Administration proposed implementing a merit pay scale for county employees with a 2.5% cost‑of‑living adjustment and one step on the new scale; staff estimate that translates to typical pay increases of about 3.5%–4.5% depending on current placement. Other operating requests called out in the packet included sheriff and animal‑control vehicle replacements, a corrections request for a new investigations sergeant and higher food/medical contract costs, a request from volunteer fire companies for LOSAP eligibility changes and additional training funds, and nonprofit funding increases for certain social‑service providers.

Staff estimated local revenue gains from utility personal property (notably solar projects) but cautioned these are volatile and tied to development timing.
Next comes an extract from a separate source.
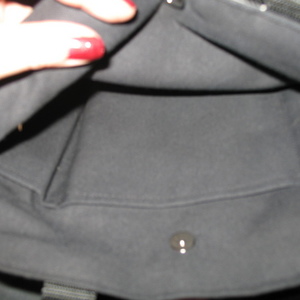 Sidney's Closet scenery purse is being swapped online for free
Fox also recommended considering budgeting multi‑year projects — such as Chesapeake College’s request — up front rather than spreading funding over several annual budgets.

Commissioners repeatedly raised the difficulty of finalizing a budget while the state budget and several bills remain unsettled. Staff scheduled a department roundtable next week (HAPS Building) to allow commissioners to question agency representatives directly and said they would update the budget as state decisions become clearer.

What happens next: staff will host a roundtable with departments and agencies, revise estimates as state legislation moves, and bring a proposed operating and capital plan back to the board for hearings and adoption on the statutorily required schedule.